Before we get to the “moving target” topic, we need to cover a bit of background on how all this happens.
First, consider that even with a large team doing vulnerability aggregation, there is a limit to the number of sources that can be monitored. While a team might monitor over 4,000 sources on a daily to weekly basis, we know there are a lot more out there. As new researchers create their blogs, older vendors finally create advisory pages, and new vendors pop up, the new sources are growing at an incredible rate. Additionally, consider that there are over a million results for “site:github.com changelog.md” (not to mention variations like “release_notes” or “changelog.txt” and similar) that could potentially host a trove of vague vulnerability mentions. Even more daunting, back in 2010 GitHub was hosting 1 million repositories and now they are over 100 million. That means there are an overwhelming number of bug trackers, pull requests, and over a billion commits on a single site. Any company that claims to monitor all of that or “millions” or sources? Do your due diligence and be ready to walk away from them.
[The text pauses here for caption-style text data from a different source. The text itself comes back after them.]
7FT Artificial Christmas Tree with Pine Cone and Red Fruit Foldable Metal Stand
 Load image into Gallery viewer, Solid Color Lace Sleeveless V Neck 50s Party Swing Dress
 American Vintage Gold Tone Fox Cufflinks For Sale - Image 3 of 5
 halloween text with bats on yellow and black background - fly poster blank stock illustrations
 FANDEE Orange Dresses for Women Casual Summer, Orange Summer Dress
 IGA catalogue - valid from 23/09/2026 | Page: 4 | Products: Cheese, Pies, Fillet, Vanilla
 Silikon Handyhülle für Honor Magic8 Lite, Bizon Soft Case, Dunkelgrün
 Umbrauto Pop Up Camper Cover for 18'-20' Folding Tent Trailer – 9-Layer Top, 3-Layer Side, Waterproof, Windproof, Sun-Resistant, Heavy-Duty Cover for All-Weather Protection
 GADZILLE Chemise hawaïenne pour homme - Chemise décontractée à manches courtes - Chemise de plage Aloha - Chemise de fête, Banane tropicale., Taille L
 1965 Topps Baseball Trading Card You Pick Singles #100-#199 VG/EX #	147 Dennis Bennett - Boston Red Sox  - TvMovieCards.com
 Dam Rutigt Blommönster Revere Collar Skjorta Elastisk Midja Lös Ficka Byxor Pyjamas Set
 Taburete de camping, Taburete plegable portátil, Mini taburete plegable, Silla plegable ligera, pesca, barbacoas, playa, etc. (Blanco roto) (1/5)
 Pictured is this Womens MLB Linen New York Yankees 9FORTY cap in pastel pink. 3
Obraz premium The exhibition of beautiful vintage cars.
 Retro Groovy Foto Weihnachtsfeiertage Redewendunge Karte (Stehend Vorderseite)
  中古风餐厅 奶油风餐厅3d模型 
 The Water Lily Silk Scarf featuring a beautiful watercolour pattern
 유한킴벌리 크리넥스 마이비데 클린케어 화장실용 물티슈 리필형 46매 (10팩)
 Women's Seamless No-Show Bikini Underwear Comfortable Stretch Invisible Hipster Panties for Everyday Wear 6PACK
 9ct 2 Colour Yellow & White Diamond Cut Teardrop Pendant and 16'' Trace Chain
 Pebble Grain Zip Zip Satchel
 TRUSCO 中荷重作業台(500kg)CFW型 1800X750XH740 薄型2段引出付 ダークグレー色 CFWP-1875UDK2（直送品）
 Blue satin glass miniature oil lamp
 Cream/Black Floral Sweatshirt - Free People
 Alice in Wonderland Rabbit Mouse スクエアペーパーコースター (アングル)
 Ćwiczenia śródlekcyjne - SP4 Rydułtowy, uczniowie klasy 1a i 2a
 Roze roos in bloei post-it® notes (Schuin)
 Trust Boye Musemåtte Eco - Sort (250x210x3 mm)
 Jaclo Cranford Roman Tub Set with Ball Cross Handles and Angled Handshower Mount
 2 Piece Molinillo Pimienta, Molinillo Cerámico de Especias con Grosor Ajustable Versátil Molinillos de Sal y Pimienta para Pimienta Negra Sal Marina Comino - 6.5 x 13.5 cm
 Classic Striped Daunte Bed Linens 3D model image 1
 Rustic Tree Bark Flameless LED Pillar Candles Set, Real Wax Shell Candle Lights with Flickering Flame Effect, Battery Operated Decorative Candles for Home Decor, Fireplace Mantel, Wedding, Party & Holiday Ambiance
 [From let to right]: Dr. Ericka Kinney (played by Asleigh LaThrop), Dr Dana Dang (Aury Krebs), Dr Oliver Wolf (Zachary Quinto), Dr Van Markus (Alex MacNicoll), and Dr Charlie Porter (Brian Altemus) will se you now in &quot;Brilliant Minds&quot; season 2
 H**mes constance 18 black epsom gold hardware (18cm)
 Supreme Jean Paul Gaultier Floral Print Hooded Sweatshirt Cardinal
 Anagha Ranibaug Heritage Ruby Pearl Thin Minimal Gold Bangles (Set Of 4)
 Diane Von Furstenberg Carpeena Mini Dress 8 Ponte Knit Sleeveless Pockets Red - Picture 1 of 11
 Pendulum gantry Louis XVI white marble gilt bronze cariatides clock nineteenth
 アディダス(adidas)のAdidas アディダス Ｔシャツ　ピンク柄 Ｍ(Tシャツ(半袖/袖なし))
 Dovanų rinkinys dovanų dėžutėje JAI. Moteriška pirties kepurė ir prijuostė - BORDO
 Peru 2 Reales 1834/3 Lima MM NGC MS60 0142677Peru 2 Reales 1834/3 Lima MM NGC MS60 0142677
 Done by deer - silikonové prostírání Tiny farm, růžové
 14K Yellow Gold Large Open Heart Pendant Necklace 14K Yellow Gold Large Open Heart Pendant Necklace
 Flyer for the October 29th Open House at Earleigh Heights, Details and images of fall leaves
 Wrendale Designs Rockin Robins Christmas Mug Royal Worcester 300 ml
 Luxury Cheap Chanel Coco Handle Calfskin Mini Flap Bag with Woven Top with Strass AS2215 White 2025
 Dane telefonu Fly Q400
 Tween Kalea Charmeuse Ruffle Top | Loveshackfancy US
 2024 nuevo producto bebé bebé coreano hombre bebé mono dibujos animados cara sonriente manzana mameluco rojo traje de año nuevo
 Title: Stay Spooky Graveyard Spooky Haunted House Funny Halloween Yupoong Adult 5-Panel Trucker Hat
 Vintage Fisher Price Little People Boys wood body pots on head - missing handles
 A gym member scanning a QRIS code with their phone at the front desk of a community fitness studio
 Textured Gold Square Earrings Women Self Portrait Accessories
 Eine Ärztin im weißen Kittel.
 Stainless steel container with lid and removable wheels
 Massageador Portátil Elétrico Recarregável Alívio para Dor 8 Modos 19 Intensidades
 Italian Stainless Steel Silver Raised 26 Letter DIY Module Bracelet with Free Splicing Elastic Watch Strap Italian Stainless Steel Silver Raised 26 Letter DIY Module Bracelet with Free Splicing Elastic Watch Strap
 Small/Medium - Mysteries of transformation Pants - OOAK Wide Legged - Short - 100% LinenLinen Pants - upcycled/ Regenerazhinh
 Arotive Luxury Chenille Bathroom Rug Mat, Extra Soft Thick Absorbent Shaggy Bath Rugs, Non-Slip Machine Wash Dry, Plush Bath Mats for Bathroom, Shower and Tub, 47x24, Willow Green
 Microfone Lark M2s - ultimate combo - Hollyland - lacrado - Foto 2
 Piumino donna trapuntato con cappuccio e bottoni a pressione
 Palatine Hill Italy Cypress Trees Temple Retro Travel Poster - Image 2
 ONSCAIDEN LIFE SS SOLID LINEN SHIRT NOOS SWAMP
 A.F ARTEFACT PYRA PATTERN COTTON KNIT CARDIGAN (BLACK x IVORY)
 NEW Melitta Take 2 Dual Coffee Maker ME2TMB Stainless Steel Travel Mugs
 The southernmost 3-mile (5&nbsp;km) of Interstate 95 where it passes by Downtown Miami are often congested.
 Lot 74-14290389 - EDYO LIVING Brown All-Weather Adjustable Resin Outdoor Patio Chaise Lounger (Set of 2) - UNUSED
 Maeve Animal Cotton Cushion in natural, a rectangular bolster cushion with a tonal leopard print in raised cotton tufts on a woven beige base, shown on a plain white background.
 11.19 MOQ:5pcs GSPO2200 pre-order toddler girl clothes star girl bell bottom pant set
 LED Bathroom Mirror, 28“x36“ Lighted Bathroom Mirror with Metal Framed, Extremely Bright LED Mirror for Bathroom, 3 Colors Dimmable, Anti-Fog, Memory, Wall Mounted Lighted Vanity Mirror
Second, due to available resources, vulnerability aggregation teams have to prioritize their activity. This is usually done by vendor, product, and the time frame where higher deployment vendors and products get the most attention. With “time frame”, emphasis is placed on the more recent vulnerabilities as they are most likely to be relevant to organizations. Moving past that, a vulnerability intelligence (VI) provider must be working with clients to learn what resources they use in their organization, as it allows them to prioritize and ensure that they are covering exactly what is deployed first and foremost. After all that, as time permits, they have to come up with new ways to expand source coverage without compromising quality or speed.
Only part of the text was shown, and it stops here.